By John Payne | December 8, 2006

And that territory is increasingly challenging to navigate, especially on the recently released Amputechture, which saw Rodriguez-Lopez returning with Rick Rubin in tow to produce yet another one of the band’s patented aurally lavish outings. Marrying a heavy-music bombast with the contemporary classical concerns for form and tonality, avant-jazz screech with Latin American traditional folk — and embellishing with the imposing gestural flourish their punk rock predecessors put in the gulag to rot long ago, Amputechture serves as a true slap-in-the-face to preconceived notions of how music should sound, and how it should be created.


“When it came to tracking the album,” says Rodriguez-Lopez, “I wasn’t thinking of much; I was just in a work mode, just really happy to be getting these songs finally tracked, because I’d been working on them since about a week after I finished mixing Francis the Mute. So it was pretty much distilling a moment of clarity for me, of being able to finally be off tour for a minute and be in the studio and get all these tracks done so that I could assemble this next record.”

Whereas you might think a musician who deals in massively scaled and broadly conceptual composition would prefer a sizeable portion of time in a singular recording studio to immerse his/herself in the conception of an album, Rodriguez-Lopez prefers to work more sporadically due to the constraints of near constant touring. Amputechture, as he tells, was assembled largely in bits and pieces, with the respective pieces then integrated via Pro Tools at Rubin’s standby choice haunted Hollywood mansion/studio. Though primarily recorded in the aforementioned studio, and mixed by Rich Costey at Gold Standard Labs, a sizeable portion of the album was tracked in geographically disparate locations — from El Paso, TX, to Melbourne, Australia.

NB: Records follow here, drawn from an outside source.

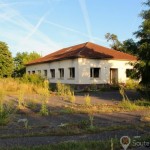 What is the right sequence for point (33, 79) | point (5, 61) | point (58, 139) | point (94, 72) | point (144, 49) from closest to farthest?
point (58, 139) → point (144, 49) → point (33, 79) → point (94, 72) → point (5, 61)

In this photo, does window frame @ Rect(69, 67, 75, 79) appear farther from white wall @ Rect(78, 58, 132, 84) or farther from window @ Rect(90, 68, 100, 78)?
window @ Rect(90, 68, 100, 78)

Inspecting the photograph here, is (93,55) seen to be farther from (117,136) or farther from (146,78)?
(117,136)

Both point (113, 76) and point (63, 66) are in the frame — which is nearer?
point (63, 66)

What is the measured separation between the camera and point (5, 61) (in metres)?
59.3

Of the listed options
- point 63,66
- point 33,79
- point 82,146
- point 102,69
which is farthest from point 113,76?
point 82,146

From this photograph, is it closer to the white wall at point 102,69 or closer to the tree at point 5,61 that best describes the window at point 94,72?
the white wall at point 102,69

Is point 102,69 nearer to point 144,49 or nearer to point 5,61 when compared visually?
point 144,49

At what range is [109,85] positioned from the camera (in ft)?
117

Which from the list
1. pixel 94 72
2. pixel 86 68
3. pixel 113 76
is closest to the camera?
pixel 86 68

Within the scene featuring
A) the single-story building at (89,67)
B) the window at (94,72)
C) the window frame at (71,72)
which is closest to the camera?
the single-story building at (89,67)

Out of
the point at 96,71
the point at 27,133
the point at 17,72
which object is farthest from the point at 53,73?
the point at 27,133

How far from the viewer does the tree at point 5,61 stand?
58.6 m

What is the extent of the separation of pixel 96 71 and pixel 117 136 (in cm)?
2687

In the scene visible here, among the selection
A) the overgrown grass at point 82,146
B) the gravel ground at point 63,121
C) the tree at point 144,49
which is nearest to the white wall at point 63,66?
the tree at point 144,49
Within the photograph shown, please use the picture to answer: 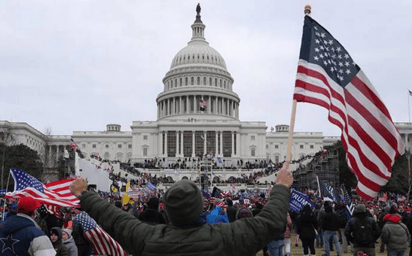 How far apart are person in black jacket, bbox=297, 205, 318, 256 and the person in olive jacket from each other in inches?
411

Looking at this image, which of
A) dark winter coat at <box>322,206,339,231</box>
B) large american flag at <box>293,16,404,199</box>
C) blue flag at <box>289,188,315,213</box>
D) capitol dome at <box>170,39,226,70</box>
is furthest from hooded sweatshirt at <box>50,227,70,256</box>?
capitol dome at <box>170,39,226,70</box>

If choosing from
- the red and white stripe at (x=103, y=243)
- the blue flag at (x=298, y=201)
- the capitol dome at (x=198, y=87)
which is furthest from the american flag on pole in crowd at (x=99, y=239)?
the capitol dome at (x=198, y=87)

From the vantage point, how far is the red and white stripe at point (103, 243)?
788 centimetres

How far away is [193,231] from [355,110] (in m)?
3.73

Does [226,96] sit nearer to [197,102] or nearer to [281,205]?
[197,102]

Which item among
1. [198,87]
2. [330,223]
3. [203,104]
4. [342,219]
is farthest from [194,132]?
[330,223]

“At this point, I travel with most of my studio,” Rodriguez-Lopez tells us. “It’s with me on the road, so I’m able to just work around performances. I have a small TASCAM four-track that I take with me into hotel rooms to work, and a lot of the rough tracks are cut directly to that. I really like this method of recording wherever and whenever I get the chance, and then piecing it all together later at Rick’s, using what I’ve already recorded on the road, and re-cutting where necessary.”

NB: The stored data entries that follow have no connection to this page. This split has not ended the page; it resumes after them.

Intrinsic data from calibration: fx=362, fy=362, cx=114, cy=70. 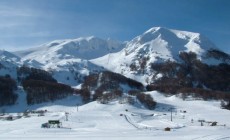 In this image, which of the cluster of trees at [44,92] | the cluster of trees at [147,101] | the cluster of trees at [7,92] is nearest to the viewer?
the cluster of trees at [147,101]

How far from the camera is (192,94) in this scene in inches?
6457

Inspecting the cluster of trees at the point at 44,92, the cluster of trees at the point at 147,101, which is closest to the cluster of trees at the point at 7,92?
the cluster of trees at the point at 44,92

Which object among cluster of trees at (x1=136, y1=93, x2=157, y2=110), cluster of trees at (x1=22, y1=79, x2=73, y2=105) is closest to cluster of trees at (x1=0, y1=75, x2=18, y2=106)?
cluster of trees at (x1=22, y1=79, x2=73, y2=105)

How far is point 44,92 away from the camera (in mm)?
176625

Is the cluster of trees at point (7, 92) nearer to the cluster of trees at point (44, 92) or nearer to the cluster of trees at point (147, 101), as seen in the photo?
the cluster of trees at point (44, 92)

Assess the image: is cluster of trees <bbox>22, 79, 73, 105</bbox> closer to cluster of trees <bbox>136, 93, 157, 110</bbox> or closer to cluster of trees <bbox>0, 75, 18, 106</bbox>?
cluster of trees <bbox>0, 75, 18, 106</bbox>

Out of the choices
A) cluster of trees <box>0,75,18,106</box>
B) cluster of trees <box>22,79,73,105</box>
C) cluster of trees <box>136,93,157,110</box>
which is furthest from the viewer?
cluster of trees <box>22,79,73,105</box>

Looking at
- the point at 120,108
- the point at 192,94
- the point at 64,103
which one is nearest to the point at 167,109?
the point at 120,108

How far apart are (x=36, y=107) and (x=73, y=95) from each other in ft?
78.8

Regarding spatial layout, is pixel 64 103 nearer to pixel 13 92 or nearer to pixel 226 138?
pixel 13 92

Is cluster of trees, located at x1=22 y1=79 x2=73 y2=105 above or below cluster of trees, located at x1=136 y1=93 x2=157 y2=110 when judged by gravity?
above

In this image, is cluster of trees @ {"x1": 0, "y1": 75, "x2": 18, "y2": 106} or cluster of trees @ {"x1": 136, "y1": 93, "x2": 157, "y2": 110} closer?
cluster of trees @ {"x1": 136, "y1": 93, "x2": 157, "y2": 110}

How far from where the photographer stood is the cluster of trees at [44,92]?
175 m

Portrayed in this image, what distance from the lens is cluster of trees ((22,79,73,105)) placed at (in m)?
175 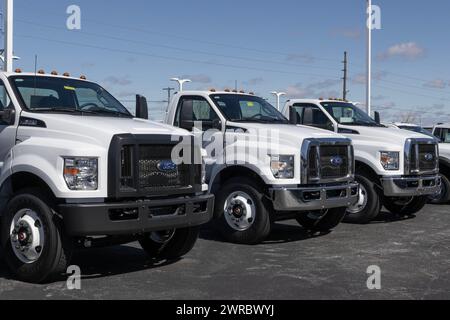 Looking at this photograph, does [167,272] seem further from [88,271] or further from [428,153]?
[428,153]

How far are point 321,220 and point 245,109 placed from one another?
2.21 meters

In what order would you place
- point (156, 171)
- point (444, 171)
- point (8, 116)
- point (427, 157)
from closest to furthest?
point (156, 171), point (8, 116), point (427, 157), point (444, 171)

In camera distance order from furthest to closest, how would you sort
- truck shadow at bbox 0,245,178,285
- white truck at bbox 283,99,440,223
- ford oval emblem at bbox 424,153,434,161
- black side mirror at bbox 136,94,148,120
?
1. ford oval emblem at bbox 424,153,434,161
2. white truck at bbox 283,99,440,223
3. black side mirror at bbox 136,94,148,120
4. truck shadow at bbox 0,245,178,285

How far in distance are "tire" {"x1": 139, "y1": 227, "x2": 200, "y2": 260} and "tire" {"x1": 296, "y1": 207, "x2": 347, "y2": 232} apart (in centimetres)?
310

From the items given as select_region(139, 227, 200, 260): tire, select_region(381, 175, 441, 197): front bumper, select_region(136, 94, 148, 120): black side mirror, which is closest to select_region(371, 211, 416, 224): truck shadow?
select_region(381, 175, 441, 197): front bumper

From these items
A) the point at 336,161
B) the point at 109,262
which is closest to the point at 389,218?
the point at 336,161

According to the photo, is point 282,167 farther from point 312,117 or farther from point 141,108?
point 312,117

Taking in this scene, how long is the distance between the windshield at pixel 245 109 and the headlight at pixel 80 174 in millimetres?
3647

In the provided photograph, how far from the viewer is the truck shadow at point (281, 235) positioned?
932 centimetres

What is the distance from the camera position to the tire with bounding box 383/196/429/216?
1185 centimetres

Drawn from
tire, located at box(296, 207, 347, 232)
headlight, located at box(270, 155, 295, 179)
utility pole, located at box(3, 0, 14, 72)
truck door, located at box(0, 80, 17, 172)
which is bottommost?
tire, located at box(296, 207, 347, 232)

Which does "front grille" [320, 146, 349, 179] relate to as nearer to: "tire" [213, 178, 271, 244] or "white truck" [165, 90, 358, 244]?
"white truck" [165, 90, 358, 244]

This buckshot recording ethos is not only engaged in regards to location, but also in the approach to tracking certain performances. For example, when it came time for Bixler-Zavala to come in and record his vocal tracks, Rodriguez-Lopez didn’t allow him to fuss over them repeatedly in order to get them “right,” preferring Cedric’s first, more unadulterated takes. “Definitely on this new record, there was a lot of really special power behind the first take,” says Rodriguez-Lopez. “And the intent was so strong that when we would try and track it over again, we would find that the first takes just had so much more magic to it.”

The borderline reckless approach to recording Bixler-Zavala’s vocalizations, however, was not employed towards the rest of the album. Omar’s own instrumental works on the recordings in particular are oftentimes re-tracked extensively, almost belligerently. “I feel like I’m a little harder on myself, for some reason,” he says. “Sometimes it’s difficult to be objective. I really feel like the ‘musical’ aspects of the album demanded a bit more refining in the recording process, so I took a lot of time punching in on rough tracks, or completely re-cutting them.” This painstaking attention to detail is concept-specific, according to Rodriguez-Lopez. “Certain parts that were composed to convey a more expressive feel, that were for nuance, were first takes for the most part, or a combination of a few early takes that were later comped down on to one master track during the mix. But the general architecture of the album was the result of a lot of refining, over a very short period of time. From the tracking to the mastering, including the remote recording, we only spent about two months total constructing the album.”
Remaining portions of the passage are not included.